How To Lose Money On ‘Iron Man’
Nikki Finke of Deadline Hollywod Daily points to the most delicious piece of schadenfreude pie I’ve seen in a long while:
So fired New Line founder Bob Shaye told his close pals the following story: Years ago, as everyone knows, New Line had Iron Man in development. But then Shaye and Avi Arad, the longtime chairman and CEO of Marvel Studios, got into an argument over whether Iron Man should fly. (This is what grown men debate in the movie biz…) Bob contended that Iron Man would look goofy soaring in an iron suit. But Avi was adamant that the pic had to stay true to the comic book so the character should take to the sky. Eventually the option ran out, and Avi announced a deal with Merrill Lynch to self-finance Marvel’s future films. Now, most men would have left the argument there. Not Bob. He told his friends that he was so convinced Marvel would run into trouble on its Iron Man movie that he took out a big short on Marvel stock. But, as we all know, the pic not only made gobs of money, but Marvel shares shot skyward to an all-time high. And then the stock was recently listed on the S&P’s midcap index so it went up another 4%. Now, most men would have given up there and then. Not Bob. He told his friends he was still shorting the stock because he believed Marvel would give it back when The Incredible Hulk failed. That didn’t happen either.
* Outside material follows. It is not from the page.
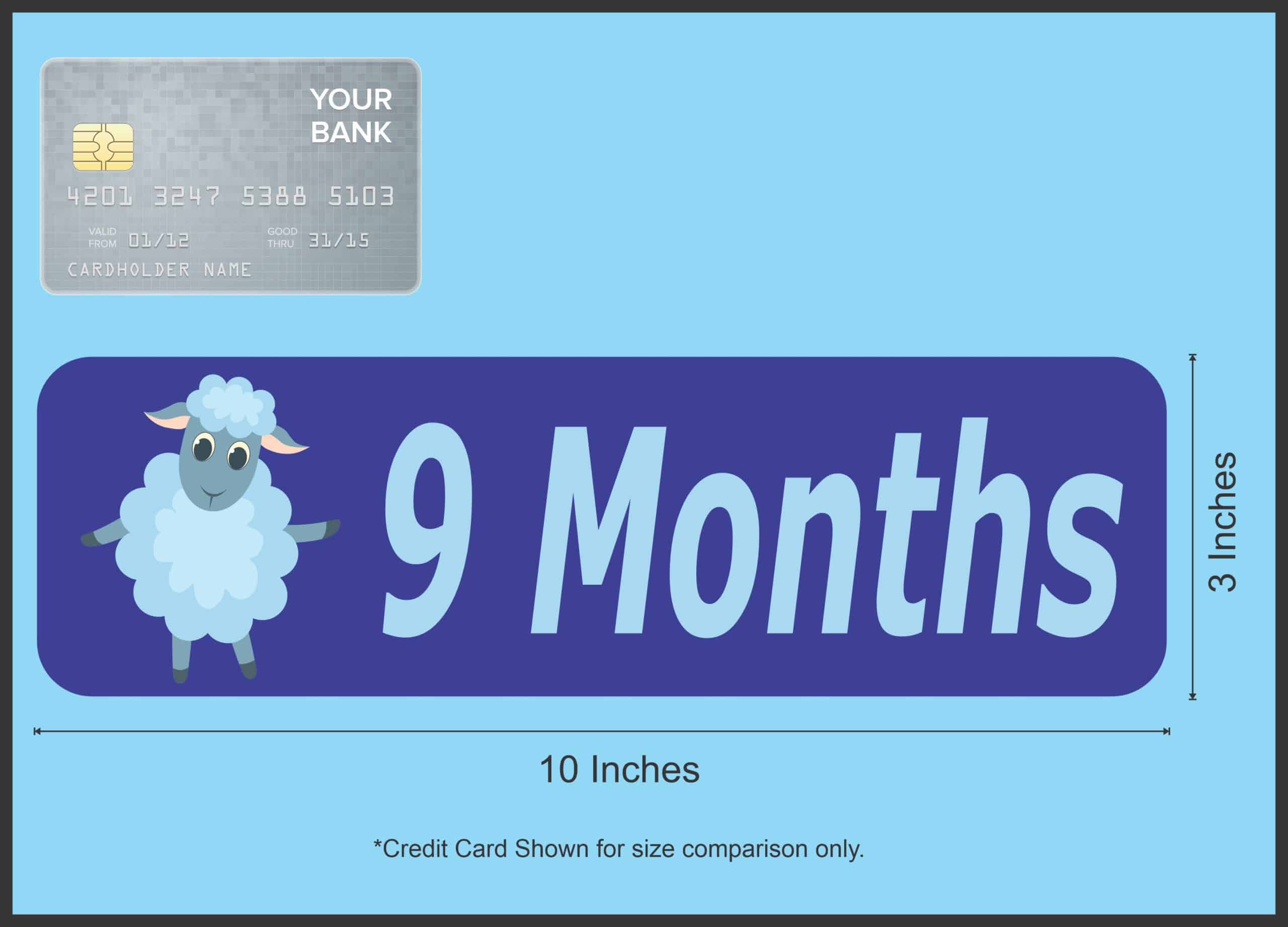 10in x 3in 9 Month Magnet Boy Door Magnetic Sign Magnets Signs - Image 3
Wow. And I thought Shaye keeping Peter Jackson from making The Hobbit was dumb. A shame he’s already been fired from New Line — this is almost worth hiring him back just to fire him again for good measure.
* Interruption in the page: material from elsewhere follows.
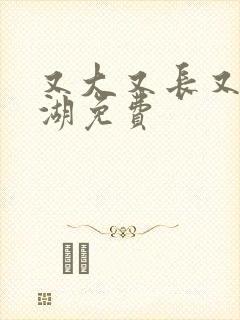 又大又长又租高湖免费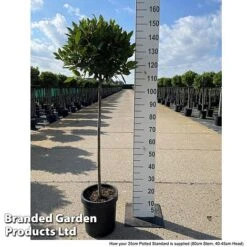 Laurus Nobilis (Standard) -NAOMI Plant Shop LAUR NOBILISTD S52052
I thought that Iron Man flying was surprising, then funny, then cool then really great with Iron Monger. It wouldn't have been the same movie if he didn't fly.
The biggest irony of all, of course, is the fact that flying doesn't just provide the movie with some of its best scenes, it is ultimately a crucial plot point later on in the film. I also find it odd how anyone would find a FLYING suit of armor ridiculous, but not a suit of armor that was exactly the same, just without flight. Like Godzilla being stripped of his fire breath in the American film, it's an odd choice of limits on the imagination.
Glenn, this is hilarious. The recipie for Schadenfreued Pie is funny, mouth watering, cute and disturbing."Excellent! And now, let us have a maniacal laugh of victory, if you please: Joy at the misfortune of others — and pie! Truly, the best of all possible worlds."I'd heard of "schadenfreued" before, but I never truly grasped the concept until now. Now I have to see "Avenue Q!"